The flight attendant nudges my shoulder, dangling a tissue that I grab to wipe the drool that’s been slouching on the edge of my cheek for the past five hours.
“Boker Tov, Good Morning,” she says with an accent that makes me certain I’m still dreaming.
I’m fighting with thick crud that’s been building up in my eye sockets when I open the window shade and notice that there’s people running off the plane, dropping their iPods and kissing the ground. Full on pinching the gravel and lipstick-staining the pavement in euphoria that they have finally landed here, in Israel.
But how could I be at home in a place I have never been before? I was raised to know what Israel looked like. Studied maps of the country the size of New Jersey and built replicas of the Western Wall out of Styrofoam and Popsicle sticks for Hebrew school. But at the age of 20, I’m stepping off a plane onto infamous pavement that gets more media attention and hearts throbbing than Lindsay Lohan.
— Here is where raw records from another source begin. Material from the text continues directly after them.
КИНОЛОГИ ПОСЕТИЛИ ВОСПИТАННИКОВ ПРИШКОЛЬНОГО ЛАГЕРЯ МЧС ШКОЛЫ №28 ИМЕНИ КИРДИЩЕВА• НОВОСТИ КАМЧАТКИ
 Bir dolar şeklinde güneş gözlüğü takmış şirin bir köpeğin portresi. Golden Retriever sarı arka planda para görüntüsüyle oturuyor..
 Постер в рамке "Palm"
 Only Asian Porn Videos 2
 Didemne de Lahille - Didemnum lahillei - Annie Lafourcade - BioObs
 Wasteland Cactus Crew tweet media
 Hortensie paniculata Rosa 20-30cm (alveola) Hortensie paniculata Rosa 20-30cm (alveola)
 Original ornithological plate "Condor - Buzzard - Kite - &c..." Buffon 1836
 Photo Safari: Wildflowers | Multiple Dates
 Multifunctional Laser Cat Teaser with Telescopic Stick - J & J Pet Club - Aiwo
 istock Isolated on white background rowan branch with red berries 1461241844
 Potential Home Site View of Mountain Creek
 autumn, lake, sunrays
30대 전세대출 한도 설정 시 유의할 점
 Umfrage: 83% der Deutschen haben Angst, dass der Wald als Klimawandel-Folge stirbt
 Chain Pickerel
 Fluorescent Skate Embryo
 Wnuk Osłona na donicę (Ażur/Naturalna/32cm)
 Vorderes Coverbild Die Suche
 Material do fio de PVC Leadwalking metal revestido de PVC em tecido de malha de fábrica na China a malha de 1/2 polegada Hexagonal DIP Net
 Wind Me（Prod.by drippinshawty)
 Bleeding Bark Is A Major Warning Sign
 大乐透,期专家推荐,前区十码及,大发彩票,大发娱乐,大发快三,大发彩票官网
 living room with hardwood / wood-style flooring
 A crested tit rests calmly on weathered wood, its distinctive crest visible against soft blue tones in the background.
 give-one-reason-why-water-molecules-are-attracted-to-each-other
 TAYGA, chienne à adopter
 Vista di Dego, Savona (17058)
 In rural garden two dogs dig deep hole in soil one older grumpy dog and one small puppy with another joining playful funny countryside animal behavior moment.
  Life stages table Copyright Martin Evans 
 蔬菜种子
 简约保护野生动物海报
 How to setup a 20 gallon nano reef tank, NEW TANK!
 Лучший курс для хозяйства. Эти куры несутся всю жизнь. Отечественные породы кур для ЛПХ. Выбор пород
I’m here on a program called “Birthright Israel”, which sends young Jews from around the world on a 10-day tour of Israel. But what makes the trip memorable, one that separates it from a group of wide-eyed tourists eager to munch on Fallafal and lay on the Dead Sea, is the 20-year-old Israelis that also go on the trip. Except these 20-somethings aren’t in college, they don’t spend their time talking about what electives they are going to take to boost their GPA next semester, or that Sorority formal they didn’t go on because they got too drunk, or how much money they need to save so they can go on a Spring Break cruise to Mexico. They are soldiers in the Israeli army, because at 20, that is what they do. They spend their 24 hours of the day fighting for their lives vis-a-vis their country, while we are just fighting about things.
One of the final days of the trip, our group goes to Mount Herzl, which sounds like the most peaceful place on the planet, and for many—it finally is.
It’s Israel’s national ceremony. A well-kept plot of land with deep-rooted trees whose branches flail uncontrollably the air, providing shade and comfort for those who come here to grieve.
There’s miles of tombstones, each with a bed of green grass. We walked down and around paths careful not to interrupt the quiet graves adorned with letters, photos, Israeli flags. The writing on the graves are in Hebrew, so we don’t know much about the person, but it doesn’t matter. They all look alike: pale thick stones that make the person that lies underneath it seem strong and mighty.
We’ve been walking for 30 minutes, when one of the soldiers on the trip is standing alone, resting his face in the palms of his hands. For the first time, the strongest 20-year-old I’ve ever met is temporarily, in front of my eyes, falling completely apart. He’s leaning forward to touch the grave and becomes grounded in the eyes of a young, good-looking guy that’s smiling back at him in a photo.
He tells us, as hard as it is to say, that this was his good friend. He was only 18 when he was killed. He was just like us, the soldier says. Charming, excited about life, in love—in love with this country.
We surround him in as much silence as our racing hearts will allow. Tears are contagious, I’ve come to understand.
And suddenly, at the age of 20, I’m overwhelmed by what it means to have a place, in this very chaotic world, to call home.
But if you’ve ever been lost, really lost, and comforted by knowing that you have a place to end up—a place to call home, you’ll understand a lot about this country and what it means to the people who live dangerously unworried, willing to do what it takes, to never have to feel lost again.
And when it’s time for me to leave, to go back to Florida, I say goodbye to the soldier who taught me things about life that will never leave me, the one who I know I may never see again, and he says to me, “Jen, are you excited to go home?”
I tilt my head in confusion, mount my arms around him, and say, “I already am home.”